Task goal: Return the run of lines below that opens with the line containing "Women Regular Pure" and closes with the line containing "King Oasis Folding", keeping each one exact.

Data extracts:
= = =

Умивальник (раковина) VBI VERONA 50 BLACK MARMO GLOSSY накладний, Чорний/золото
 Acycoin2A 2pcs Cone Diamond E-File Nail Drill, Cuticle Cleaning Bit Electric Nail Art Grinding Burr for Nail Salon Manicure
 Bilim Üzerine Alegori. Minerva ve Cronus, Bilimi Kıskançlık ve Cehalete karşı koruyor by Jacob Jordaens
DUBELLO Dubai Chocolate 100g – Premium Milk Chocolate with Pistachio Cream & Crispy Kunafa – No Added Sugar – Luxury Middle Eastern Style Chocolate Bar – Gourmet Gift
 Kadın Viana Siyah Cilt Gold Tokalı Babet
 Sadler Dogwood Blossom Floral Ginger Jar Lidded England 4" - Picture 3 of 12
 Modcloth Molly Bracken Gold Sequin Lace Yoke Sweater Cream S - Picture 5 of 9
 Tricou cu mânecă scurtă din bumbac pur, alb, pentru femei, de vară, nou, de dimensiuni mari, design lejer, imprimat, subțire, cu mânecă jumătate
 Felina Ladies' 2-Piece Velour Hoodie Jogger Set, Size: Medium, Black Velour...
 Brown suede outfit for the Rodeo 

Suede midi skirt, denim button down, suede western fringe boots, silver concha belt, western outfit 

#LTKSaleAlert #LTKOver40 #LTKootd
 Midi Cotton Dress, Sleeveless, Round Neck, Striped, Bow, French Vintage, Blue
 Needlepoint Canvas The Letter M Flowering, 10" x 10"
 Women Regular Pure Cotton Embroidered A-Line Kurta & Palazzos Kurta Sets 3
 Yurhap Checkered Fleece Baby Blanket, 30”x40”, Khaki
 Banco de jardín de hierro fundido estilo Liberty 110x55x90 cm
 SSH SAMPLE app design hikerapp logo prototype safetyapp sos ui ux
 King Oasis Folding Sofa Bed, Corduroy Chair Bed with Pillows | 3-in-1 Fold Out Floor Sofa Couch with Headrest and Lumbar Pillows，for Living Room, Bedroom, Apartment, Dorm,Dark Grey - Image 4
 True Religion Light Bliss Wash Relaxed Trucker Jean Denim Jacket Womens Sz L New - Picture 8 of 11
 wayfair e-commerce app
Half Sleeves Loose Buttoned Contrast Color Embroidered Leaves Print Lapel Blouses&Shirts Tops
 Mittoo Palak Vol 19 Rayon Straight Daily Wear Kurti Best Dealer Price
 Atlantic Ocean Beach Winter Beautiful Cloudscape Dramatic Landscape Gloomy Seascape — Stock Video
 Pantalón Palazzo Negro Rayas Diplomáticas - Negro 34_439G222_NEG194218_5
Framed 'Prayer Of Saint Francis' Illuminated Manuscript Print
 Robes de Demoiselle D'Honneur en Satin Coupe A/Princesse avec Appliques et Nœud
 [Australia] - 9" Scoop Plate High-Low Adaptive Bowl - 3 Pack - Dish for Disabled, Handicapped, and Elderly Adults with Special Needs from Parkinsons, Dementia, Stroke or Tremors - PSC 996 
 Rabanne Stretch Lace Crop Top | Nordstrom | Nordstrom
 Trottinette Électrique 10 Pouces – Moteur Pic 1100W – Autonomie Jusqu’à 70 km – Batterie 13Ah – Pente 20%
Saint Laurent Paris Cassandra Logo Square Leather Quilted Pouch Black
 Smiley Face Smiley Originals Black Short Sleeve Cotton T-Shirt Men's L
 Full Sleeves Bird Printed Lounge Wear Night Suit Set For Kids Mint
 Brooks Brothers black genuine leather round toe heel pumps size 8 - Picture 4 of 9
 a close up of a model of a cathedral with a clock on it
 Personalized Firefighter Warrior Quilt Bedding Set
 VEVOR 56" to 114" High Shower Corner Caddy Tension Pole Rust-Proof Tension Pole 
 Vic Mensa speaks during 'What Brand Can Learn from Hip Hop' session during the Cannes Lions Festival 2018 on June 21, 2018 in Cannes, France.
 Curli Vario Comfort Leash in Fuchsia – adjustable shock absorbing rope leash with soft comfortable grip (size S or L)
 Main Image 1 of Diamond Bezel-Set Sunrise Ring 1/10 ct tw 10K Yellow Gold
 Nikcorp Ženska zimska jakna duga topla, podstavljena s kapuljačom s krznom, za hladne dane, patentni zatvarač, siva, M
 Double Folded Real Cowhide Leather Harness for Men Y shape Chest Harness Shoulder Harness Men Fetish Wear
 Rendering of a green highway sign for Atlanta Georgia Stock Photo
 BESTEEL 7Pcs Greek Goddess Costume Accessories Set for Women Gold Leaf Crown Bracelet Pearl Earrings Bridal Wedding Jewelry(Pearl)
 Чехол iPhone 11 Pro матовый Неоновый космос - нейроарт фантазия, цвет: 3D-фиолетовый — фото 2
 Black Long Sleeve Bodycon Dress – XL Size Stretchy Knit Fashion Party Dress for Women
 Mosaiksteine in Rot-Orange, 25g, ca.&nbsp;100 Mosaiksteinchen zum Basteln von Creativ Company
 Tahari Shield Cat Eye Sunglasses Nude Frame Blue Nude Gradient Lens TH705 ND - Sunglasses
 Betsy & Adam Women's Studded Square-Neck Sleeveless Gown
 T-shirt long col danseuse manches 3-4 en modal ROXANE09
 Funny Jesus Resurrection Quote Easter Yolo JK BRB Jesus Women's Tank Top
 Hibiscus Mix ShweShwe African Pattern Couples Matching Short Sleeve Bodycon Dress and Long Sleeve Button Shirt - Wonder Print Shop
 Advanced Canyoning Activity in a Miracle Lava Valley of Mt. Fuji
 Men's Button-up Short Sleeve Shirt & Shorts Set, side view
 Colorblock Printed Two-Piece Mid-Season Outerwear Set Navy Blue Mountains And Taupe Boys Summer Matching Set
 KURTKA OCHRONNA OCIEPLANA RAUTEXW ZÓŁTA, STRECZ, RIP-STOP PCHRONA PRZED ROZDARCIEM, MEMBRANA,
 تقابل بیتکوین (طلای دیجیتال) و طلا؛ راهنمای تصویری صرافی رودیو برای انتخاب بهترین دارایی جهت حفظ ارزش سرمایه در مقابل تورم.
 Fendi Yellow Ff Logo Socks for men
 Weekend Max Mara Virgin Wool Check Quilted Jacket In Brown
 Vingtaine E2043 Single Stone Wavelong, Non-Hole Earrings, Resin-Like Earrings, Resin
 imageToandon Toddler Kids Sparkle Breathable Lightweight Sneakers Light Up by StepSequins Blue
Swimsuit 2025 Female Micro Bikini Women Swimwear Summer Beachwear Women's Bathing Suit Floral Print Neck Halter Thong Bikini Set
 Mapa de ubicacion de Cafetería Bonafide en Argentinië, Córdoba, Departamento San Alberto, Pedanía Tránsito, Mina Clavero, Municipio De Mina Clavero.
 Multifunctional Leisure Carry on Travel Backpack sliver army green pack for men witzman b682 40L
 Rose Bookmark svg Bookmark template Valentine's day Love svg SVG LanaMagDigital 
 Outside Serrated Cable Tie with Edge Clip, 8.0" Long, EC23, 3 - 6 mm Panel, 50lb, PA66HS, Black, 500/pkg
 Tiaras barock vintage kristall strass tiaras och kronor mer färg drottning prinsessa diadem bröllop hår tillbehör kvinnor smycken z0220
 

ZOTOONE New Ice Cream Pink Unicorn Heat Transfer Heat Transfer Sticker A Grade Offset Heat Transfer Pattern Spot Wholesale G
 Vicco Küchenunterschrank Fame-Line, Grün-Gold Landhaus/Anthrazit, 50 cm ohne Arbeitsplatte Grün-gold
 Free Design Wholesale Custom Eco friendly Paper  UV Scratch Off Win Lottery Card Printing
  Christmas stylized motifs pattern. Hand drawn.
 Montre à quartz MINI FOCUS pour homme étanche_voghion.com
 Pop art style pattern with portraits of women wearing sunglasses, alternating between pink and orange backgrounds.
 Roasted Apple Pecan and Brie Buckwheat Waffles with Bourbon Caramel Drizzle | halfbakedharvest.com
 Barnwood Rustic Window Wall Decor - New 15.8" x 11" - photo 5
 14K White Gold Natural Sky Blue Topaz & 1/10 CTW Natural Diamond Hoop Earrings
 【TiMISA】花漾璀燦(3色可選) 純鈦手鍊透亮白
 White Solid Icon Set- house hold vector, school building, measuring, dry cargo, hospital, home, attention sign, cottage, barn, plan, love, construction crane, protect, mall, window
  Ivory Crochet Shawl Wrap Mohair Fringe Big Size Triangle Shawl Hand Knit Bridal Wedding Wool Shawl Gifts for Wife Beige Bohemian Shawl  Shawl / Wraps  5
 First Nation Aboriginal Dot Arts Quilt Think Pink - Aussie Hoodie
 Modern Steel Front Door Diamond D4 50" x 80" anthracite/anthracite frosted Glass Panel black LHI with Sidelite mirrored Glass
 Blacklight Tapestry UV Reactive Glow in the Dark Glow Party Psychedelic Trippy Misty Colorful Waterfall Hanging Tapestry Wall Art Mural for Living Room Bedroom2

= = =

Result for this task:
 Women Regular Pure Cotton Embroidered A-Line Kurta & Palazzos Kurta Sets 3
 Yurhap Checkered Fleece Baby Blanket, 30”x40”, Khaki
 Banco de jardín de hierro fundido estilo Liberty 110x55x90 cm
 SSH SAMPLE app design hikerapp logo prototype safetyapp sos ui ux
 King Oasis Folding Sofa Bed, Corduroy Chair Bed with Pillows | 3-in-1 Fold Out Floor Sofa Couch with Headrest and Lumbar Pillows，for Living Room, Bedroom, Apartment, Dorm,Dark Grey - Image 4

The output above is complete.